+++ DATA FOR ANALYSIS +++

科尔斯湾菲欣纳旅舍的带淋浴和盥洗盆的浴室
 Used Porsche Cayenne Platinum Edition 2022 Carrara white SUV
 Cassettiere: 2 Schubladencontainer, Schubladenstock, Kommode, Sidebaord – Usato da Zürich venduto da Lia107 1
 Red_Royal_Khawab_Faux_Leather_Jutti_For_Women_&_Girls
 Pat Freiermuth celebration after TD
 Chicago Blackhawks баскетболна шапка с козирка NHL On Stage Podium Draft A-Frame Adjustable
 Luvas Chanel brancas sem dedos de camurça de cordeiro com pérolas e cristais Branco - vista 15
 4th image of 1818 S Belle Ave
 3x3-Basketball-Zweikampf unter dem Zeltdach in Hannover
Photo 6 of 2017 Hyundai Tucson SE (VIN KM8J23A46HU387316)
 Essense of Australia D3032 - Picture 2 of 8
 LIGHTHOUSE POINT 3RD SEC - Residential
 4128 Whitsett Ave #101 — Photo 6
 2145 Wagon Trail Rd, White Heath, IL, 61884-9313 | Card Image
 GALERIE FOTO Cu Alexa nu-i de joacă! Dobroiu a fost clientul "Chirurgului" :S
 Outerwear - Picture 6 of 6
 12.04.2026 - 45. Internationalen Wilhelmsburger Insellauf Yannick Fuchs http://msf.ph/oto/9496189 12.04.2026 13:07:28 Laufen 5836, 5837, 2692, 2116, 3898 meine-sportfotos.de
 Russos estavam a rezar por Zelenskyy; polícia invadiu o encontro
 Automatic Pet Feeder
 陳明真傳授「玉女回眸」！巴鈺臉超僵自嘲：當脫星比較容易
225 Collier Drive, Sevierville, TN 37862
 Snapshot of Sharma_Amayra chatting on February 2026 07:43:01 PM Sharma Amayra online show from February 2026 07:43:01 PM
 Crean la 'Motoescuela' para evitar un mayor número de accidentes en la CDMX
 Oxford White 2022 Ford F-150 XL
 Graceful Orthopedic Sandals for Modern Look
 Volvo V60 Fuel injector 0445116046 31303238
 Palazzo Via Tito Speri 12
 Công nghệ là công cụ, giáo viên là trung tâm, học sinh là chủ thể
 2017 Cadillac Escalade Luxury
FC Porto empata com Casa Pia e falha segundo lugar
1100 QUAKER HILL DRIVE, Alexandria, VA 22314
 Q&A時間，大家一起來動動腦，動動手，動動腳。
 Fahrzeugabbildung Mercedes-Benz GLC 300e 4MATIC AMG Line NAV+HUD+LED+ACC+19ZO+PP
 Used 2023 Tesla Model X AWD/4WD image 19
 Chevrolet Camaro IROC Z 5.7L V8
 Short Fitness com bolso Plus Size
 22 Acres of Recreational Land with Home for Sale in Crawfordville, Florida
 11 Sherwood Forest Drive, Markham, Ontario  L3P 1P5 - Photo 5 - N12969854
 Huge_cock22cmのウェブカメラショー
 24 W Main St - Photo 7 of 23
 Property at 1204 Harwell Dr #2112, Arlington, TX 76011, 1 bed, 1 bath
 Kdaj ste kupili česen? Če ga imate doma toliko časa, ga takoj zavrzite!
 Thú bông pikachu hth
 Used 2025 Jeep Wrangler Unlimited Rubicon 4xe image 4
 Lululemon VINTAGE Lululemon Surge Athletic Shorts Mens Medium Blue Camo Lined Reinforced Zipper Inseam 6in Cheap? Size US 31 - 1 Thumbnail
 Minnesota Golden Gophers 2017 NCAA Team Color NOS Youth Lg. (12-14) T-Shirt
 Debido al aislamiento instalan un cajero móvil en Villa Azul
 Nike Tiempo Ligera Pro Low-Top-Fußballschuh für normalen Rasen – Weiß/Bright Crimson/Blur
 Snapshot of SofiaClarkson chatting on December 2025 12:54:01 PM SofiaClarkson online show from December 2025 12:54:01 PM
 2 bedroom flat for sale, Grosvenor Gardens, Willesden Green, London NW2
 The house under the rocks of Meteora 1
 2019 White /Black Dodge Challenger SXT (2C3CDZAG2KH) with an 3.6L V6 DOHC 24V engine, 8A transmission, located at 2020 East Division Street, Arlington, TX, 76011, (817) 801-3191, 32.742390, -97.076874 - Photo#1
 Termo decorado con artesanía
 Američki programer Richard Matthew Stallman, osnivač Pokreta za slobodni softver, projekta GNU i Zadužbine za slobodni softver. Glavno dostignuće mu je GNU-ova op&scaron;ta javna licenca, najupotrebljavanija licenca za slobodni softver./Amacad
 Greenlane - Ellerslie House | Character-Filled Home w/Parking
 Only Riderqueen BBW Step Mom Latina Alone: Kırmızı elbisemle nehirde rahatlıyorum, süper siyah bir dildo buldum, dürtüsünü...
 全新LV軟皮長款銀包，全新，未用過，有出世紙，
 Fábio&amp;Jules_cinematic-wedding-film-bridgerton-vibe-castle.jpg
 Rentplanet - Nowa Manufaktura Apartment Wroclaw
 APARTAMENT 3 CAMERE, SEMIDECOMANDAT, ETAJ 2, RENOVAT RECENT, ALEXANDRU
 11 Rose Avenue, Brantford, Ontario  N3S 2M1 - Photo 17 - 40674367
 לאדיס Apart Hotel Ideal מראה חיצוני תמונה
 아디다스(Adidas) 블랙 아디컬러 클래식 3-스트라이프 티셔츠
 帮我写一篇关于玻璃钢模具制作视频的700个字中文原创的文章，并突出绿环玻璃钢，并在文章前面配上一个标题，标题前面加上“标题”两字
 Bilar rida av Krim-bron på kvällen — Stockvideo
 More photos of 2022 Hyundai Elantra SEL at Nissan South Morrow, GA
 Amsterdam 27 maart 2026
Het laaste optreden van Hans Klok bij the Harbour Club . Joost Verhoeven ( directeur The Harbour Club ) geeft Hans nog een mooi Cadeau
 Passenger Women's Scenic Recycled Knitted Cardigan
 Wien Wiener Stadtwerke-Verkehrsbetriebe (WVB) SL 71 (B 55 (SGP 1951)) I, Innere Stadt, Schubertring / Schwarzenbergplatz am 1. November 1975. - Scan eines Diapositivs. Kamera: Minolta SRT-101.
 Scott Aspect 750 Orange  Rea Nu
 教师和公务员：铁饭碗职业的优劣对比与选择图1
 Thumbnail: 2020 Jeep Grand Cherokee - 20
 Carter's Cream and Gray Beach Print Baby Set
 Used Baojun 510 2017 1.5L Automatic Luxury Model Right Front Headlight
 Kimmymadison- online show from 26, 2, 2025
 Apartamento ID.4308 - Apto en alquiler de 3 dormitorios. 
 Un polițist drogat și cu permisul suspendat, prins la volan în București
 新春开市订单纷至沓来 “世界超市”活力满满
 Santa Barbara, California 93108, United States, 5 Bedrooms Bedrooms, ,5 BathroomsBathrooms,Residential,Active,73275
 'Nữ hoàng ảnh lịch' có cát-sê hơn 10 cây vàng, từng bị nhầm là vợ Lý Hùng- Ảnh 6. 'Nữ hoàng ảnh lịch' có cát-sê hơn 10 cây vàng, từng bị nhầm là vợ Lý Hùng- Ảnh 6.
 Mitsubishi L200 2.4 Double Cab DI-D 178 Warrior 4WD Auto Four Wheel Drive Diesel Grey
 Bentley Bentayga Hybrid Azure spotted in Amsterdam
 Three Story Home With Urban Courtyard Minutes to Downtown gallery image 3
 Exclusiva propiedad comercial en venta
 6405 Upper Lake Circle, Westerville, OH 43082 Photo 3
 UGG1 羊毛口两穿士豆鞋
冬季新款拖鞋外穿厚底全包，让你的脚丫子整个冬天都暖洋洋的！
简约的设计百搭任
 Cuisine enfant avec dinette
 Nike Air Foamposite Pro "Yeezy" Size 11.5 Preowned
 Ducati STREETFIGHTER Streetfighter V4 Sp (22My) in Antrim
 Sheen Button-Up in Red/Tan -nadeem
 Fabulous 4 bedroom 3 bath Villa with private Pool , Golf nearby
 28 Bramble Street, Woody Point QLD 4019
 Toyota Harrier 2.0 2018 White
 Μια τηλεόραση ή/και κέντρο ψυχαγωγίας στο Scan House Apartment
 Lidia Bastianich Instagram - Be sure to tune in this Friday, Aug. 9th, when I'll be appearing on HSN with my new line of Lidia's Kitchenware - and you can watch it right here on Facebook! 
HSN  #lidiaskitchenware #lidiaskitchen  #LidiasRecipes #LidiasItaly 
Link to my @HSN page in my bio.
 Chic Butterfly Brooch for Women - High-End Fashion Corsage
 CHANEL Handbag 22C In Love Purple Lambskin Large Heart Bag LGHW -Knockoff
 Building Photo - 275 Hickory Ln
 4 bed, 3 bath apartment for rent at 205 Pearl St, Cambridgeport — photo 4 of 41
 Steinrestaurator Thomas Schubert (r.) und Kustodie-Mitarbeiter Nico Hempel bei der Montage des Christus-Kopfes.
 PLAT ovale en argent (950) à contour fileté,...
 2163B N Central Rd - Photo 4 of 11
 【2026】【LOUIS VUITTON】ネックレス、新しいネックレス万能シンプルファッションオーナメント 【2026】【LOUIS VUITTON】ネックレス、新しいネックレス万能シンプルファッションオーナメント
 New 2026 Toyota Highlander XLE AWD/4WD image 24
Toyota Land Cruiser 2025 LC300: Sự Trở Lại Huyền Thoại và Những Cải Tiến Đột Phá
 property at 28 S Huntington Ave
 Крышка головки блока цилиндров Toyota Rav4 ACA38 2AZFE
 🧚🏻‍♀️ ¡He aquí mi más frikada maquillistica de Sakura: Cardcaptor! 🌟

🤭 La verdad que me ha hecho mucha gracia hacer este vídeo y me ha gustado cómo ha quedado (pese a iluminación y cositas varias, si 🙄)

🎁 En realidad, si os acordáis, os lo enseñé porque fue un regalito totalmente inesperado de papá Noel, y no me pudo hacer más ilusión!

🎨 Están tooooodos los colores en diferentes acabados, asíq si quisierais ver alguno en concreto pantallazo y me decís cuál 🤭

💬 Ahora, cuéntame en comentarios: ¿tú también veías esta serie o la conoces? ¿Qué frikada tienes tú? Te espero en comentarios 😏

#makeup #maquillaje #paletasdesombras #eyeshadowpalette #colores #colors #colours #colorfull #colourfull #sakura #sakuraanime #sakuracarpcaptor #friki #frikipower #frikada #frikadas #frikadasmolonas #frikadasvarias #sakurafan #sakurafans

+++

HOW TO COMPLETE THIS TASK:
Copy out only the lines of the records above from the one with "陳明真傳授「玉女回眸」！巴鈺臉超僵自嘲：當脫星比較容易" through the one with "Short Fitness com bolso Plus Size", exactly as they stand, both included.

RESULT FOR THIS TASK:
 陳明真傳授「玉女回眸」！巴鈺臉超僵自嘲：當脫星比較容易
225 Collier Drive, Sevierville, TN 37862
 Snapshot of Sharma_Amayra chatting on February 2026 07:43:01 PM Sharma Amayra online show from February 2026 07:43:01 PM
 Crean la 'Motoescuela' para evitar un mayor número de accidentes en la CDMX
 Oxford White 2022 Ford F-150 XL
 Graceful Orthopedic Sandals for Modern Look
 Volvo V60 Fuel injector 0445116046 31303238
 Palazzo Via Tito Speri 12
 Công nghệ là công cụ, giáo viên là trung tâm, học sinh là chủ thể
 2017 Cadillac Escalade Luxury
FC Porto empata com Casa Pia e falha segundo lugar
1100 QUAKER HILL DRIVE, Alexandria, VA 22314
 Q&A時間，大家一起來動動腦，動動手，動動腳。
 Fahrzeugabbildung Mercedes-Benz GLC 300e 4MATIC AMG Line NAV+HUD+LED+ACC+19ZO+PP
 Used 2023 Tesla Model X AWD/4WD image 19
 Chevrolet Camaro IROC Z 5.7L V8
 Short Fitness com bolso Plus Size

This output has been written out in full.